Saturday, August 18, 2012

BALTIC BABES


When my perennially ambitious friend David Schoffman announced that he planned to paint the portraits of the entire Estonian Men's Olympic Swim Team, I have to admit I thought that he had lost his already truant mind. Now that the results are in (Gallerie Ziodorno T, San Francisco, Aug. 14 - Sept 19), I am certain that all his considerable critical faculties have taken hasty flight.

Portrait of Mats Lepik, Oil on canvas, David Schoffman 2012

In the Bay Area, the obvious appeal of sprightly tinted images of strapping, square-jawed young men is a given. Equally predictable was the eviscerating critical response.

That Schoffman seems utterly indifferent to the judgement of his peers betrays an acute late career decadence as expressed by the likes of Picasso, Derain, DeKooning and Daudet. With his reputation secure and his market value equally robust, David seems to be making a mockery of the entire enterprise of art-making.

Is this the same David Schoffman responsible for the genre defying tour-de-force "The Body Is His Book?"

Monday, August 13, 2012

PLEIN AIR POLITICS


The Neo-Dada Los Angeles artist collective Ars Magna Sciendi is an eccentric offshoot of the much larger and much better known European group Pinakothek. The Los Angeles 'organization' (I use that word reservedly and with no small degree of irony) was founded in 2009 by René Besmorg, Ospizio Priuli and my good friend David Schoffman. Together they have published and produced a wide variety of projects, pamphlets, direct actions, exhibitions, demonstrations, provocations, short films, short manifestos, short-lived offshoots and several actual very real living breathing babies.

Their latest exploit is a curious blend of civics, summer and the enduring appeal of French Impressionism. Together with a small group of (unpaid) interns, Schoffman & co. set out to follow the presidential race. From California to New Hampshire the Ars Magna Sciendi group have been shadowing the candidates and their armies of volunteers. 

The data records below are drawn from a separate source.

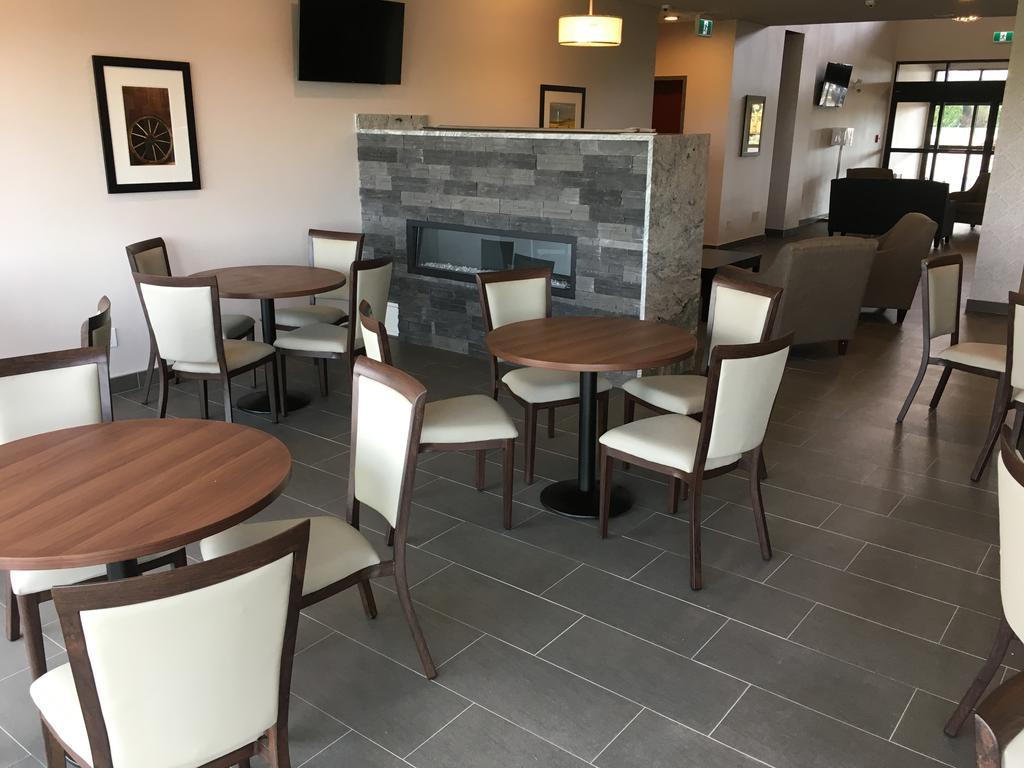 Park Inn By Radisson Edmonton Airport Leduc Buitenkant foto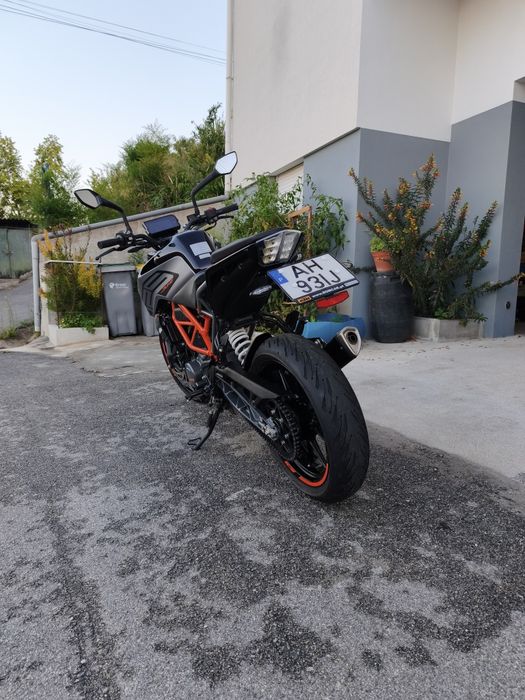 KTM duke 125 2021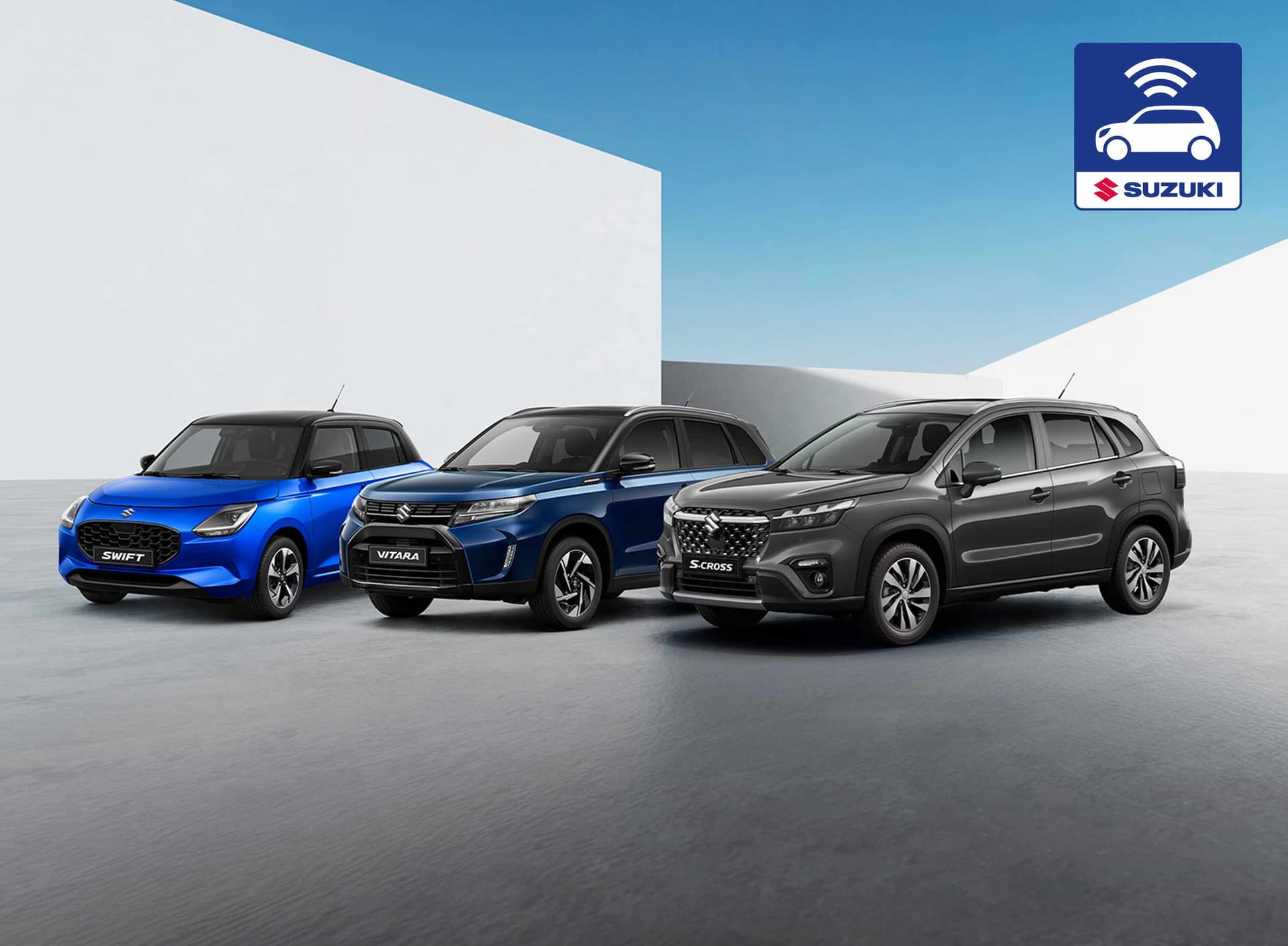 Von links nach rechts stehen ein blauer Suzuki Swift, ein dunkelblauer Suzuki Vitara und ein grauer Suzuki S-Cross auf einer freien Fläche.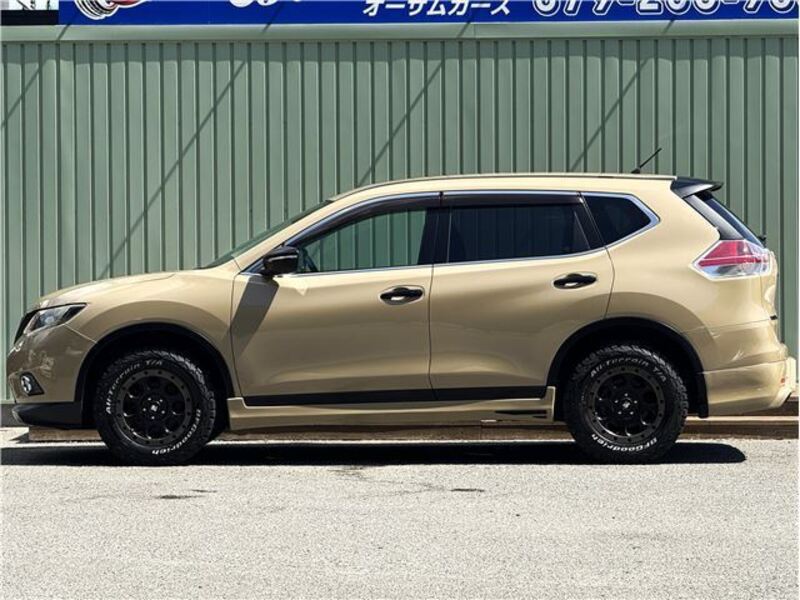 X-TRAIL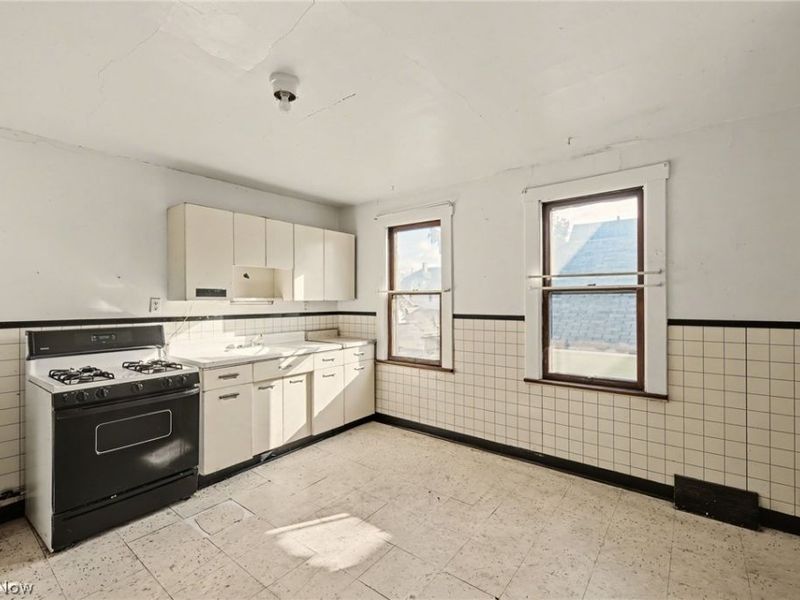 7005 Lansing Avenue, Cleveland, OH 44105 Photo 20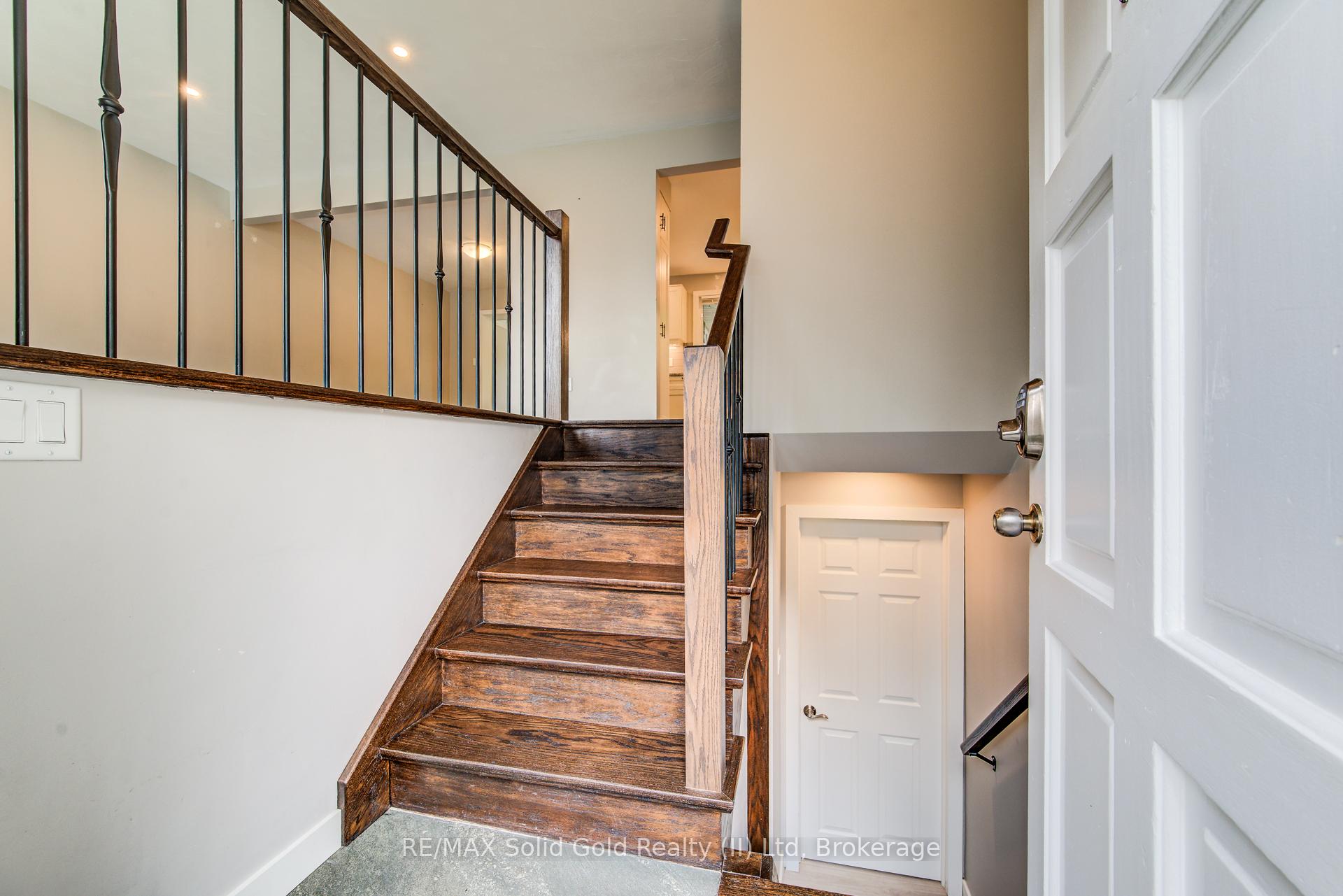 Photo 2 of 558 Sprucehill Avenue, Waterloo — HOMEH
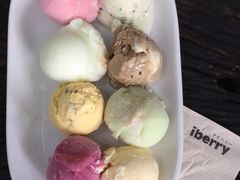 -莓园冰淇淋店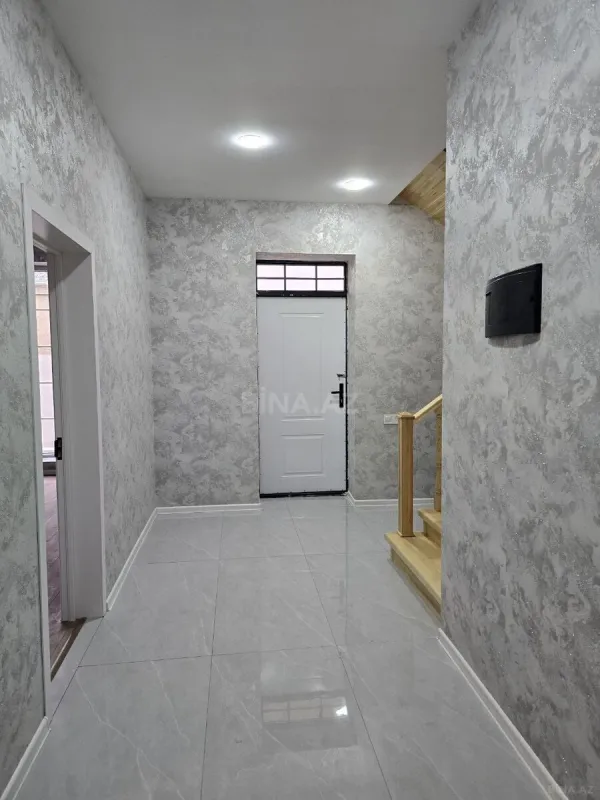 Satılır 5 otaqlı həyət evi 140 m²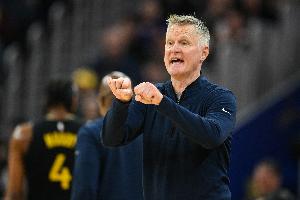 科尔：勇士不讨论排名问题 只需尽力去赢球&然后看看结果如何 配图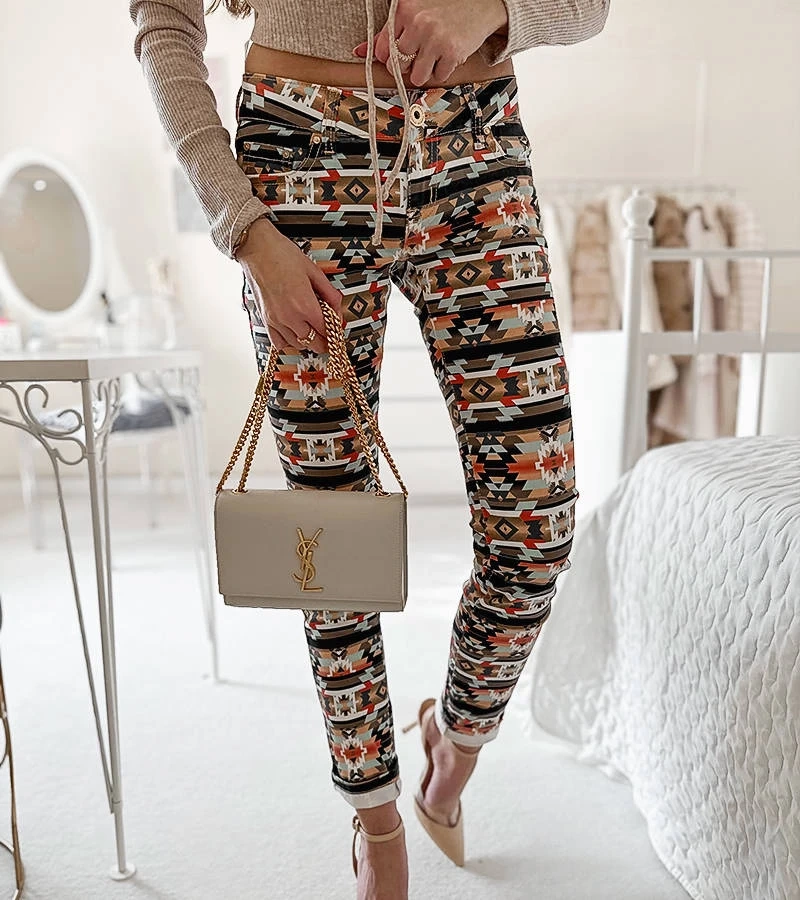 Wielokolorowe spodnie w stylu hippie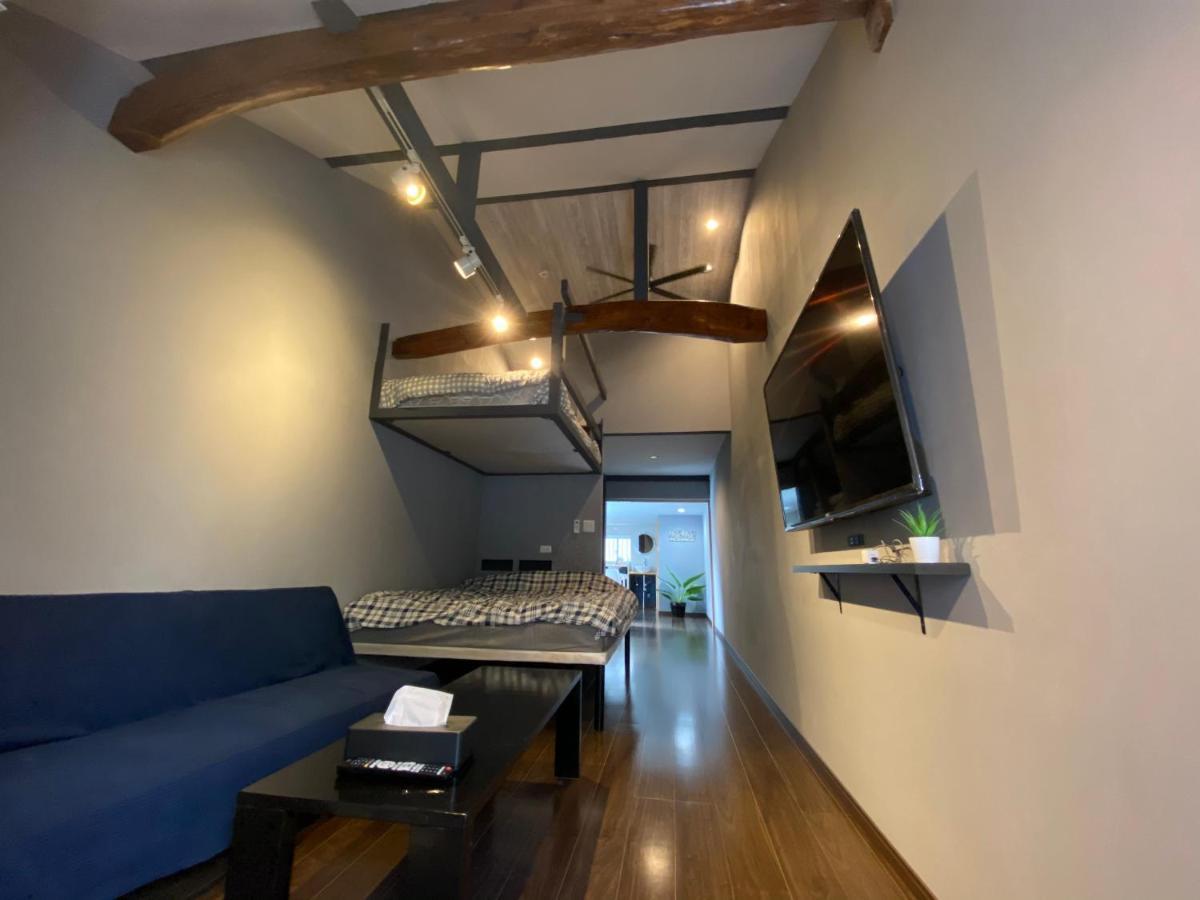 Family Room Okinawa นาฮะ ภายนอก รูปภาพ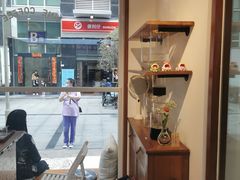 -Line 咖啡(石厦花园店)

Going door to door with satchels of art materials, these crazy Dadaists are literally canvasing prospective voters. Their procedure is simple: In exchange for the supplies (six tubes of acrylic paint, an 18 x 24 inch pre-stretched cotton duck canvas and two #12 synthetic hair brushes) participants are asked to paint a landscape in the style of their favorite impressionist imagined as either a Democrat or a Republican



Emma James, Driggs, Idaho. Fifth Street Park through the eyes of Gustave Caillebotte as a Tea Party Republican, 2012


The results are rather astonishing. Schoffman and his collaborators will be continuing the project until the November election. The paintings will be exhibited in the spring of 2013 at the Museé de l'Art Brut in Neuchatel, Switzerland.